## INSTRUCTIONS TO FOLLOW
Each line of the data should be transcribed exactly as given.

## Records from a data source

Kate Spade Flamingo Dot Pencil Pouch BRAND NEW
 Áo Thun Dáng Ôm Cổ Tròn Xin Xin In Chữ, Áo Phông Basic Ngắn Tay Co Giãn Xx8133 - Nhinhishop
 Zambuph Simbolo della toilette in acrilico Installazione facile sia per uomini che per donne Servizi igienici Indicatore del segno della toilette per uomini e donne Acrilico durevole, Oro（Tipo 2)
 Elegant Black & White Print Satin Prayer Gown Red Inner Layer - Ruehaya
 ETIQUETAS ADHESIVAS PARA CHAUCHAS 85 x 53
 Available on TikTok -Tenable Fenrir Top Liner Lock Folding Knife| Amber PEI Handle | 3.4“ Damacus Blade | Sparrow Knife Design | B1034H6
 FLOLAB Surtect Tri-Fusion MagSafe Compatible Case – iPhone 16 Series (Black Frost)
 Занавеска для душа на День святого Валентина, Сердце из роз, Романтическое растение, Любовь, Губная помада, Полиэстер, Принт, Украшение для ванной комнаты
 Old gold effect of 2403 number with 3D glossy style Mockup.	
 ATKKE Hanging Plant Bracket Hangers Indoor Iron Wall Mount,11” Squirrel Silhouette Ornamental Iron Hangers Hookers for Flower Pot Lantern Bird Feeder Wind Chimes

## RESPONSE TO THIS TASK
Kate Spade Flamingo Dot Pencil Pouch BRAND NEW
 Áo Thun Dáng Ôm Cổ Tròn Xin Xin In Chữ, Áo Phông Basic Ngắn Tay Co Giãn Xx8133 - Nhinhishop
 Zambuph Simbolo della toilette in acrilico Installazione facile sia per uomini che per donne Servizi igienici Indicatore del segno della toilette per uomini e donne Acrilico durevole, Oro（Tipo 2)
 Elegant Black & White Print Satin Prayer Gown Red Inner Layer - Ruehaya
 ETIQUETAS ADHESIVAS PARA CHAUCHAS 85 x 53
 Available on TikTok -Tenable Fenrir Top Liner Lock Folding Knife| Amber PEI Handle | 3.4“ Damacus Blade | Sparrow Knife Design | B1034H6
 FLOLAB Surtect Tri-Fusion MagSafe Compatible Case – iPhone 16 Series (Black Frost)
 Занавеска для душа на День святого Валентина, Сердце из роз, Романтическое растение, Любовь, Губная помада, Полиэстер, Принт, Украшение для ванной комнаты
 Old gold effect of 2403 number with 3D glossy style Mockup.	
 ATKKE Hanging Plant Bracket Hangers Indoor Iron Wall Mount,11” Squirrel Silhouette Ornamental Iron Hangers Hookers for Flower Pot Lantern Bird Feeder Wind Chimes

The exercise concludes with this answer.